-- Opening Marker --

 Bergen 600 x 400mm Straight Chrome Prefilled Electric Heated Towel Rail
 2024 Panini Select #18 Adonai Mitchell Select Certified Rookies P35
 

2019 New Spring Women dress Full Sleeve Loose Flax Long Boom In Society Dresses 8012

-- Closing Marker --
-- Opening Marker --

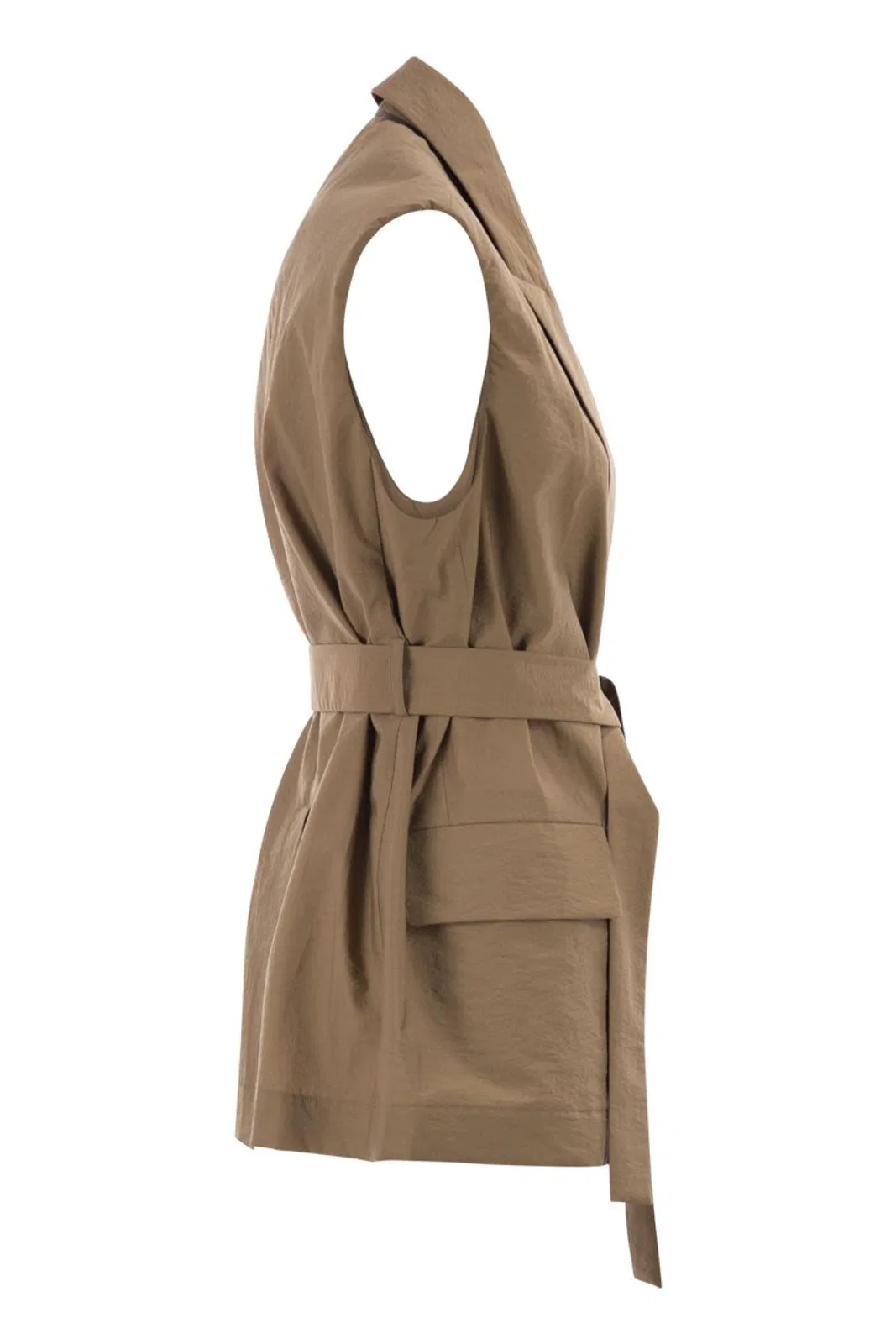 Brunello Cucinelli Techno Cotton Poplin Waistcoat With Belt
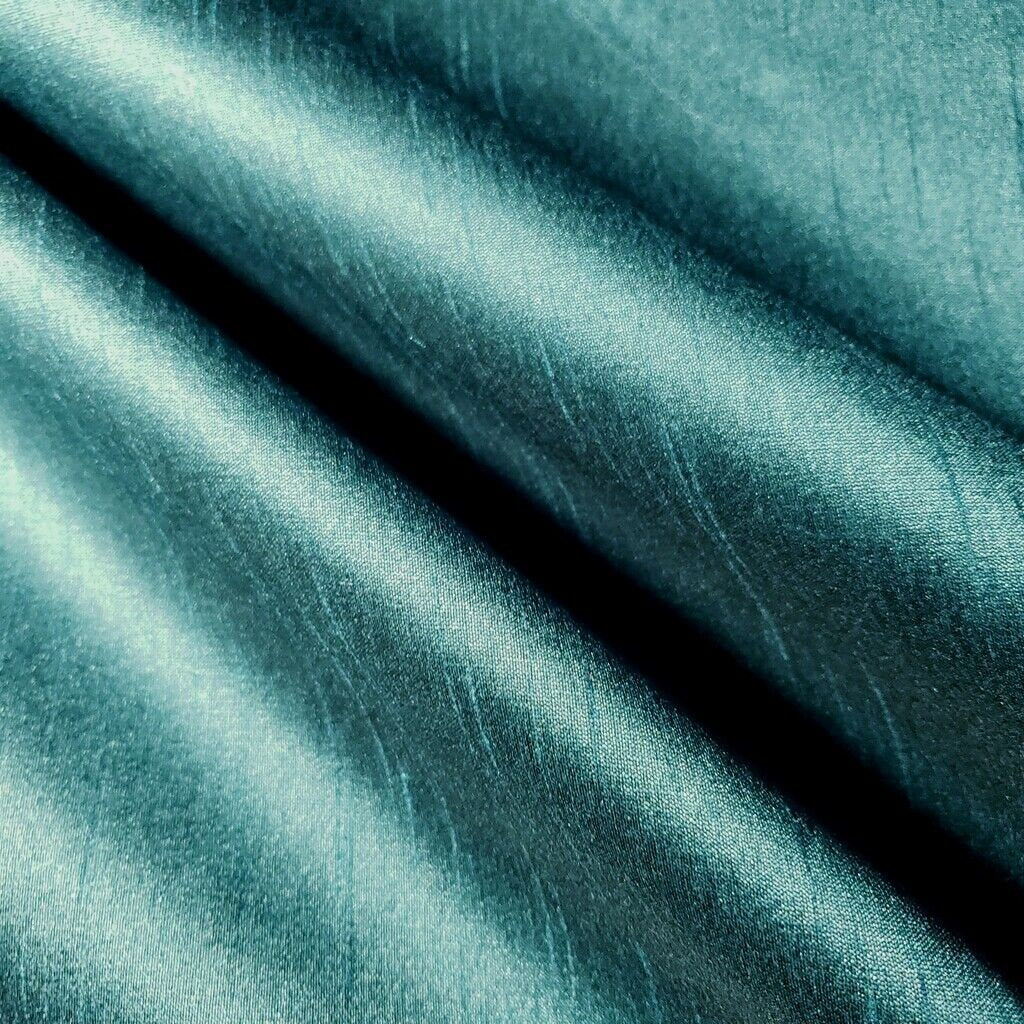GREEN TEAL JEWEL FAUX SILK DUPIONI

-- Closing Marker --

» What you should do:
Please return the data above exactly as it stands from the line with "Brunello Cucinelli Techno" to the line with "GREEN TEAL JEWEL FAUX SILK DUPIONI", keeping both of those lines but none of the pictures.

» Task answer:
 Brunello Cucinelli Techno Cotton Poplin Waistcoat With Belt
GREEN TEAL JEWEL FAUX SILK DUPIONI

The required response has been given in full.